**Stored data:**
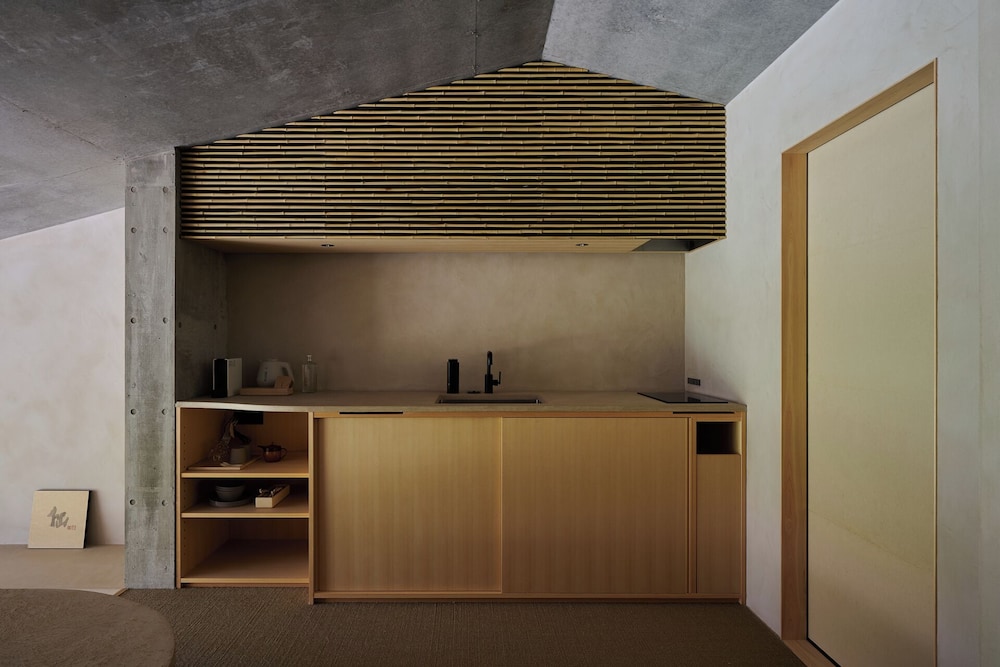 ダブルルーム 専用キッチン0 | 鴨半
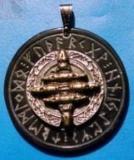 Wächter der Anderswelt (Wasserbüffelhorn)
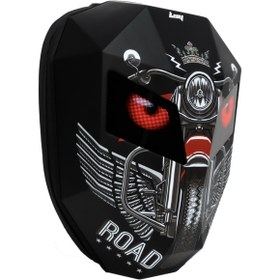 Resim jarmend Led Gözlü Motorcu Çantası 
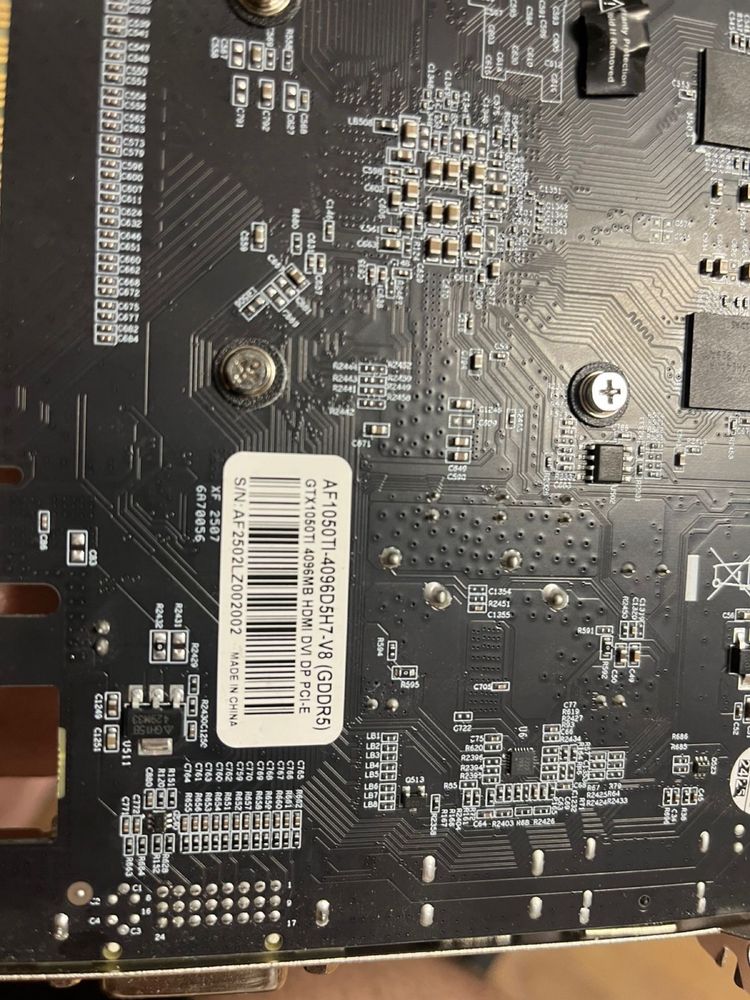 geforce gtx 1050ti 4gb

**Task requirements:**
Nothing but an exact transcription of the material, without pictures, should be returned.

**Exercise result:**
 ダブルルーム 専用キッチン0 | 鴨半
 Wächter der Anderswelt (Wasserbüffelhorn)
 Resim jarmend Led Gözlü Motorcu Çantası 
 geforce gtx 1050ti 4gb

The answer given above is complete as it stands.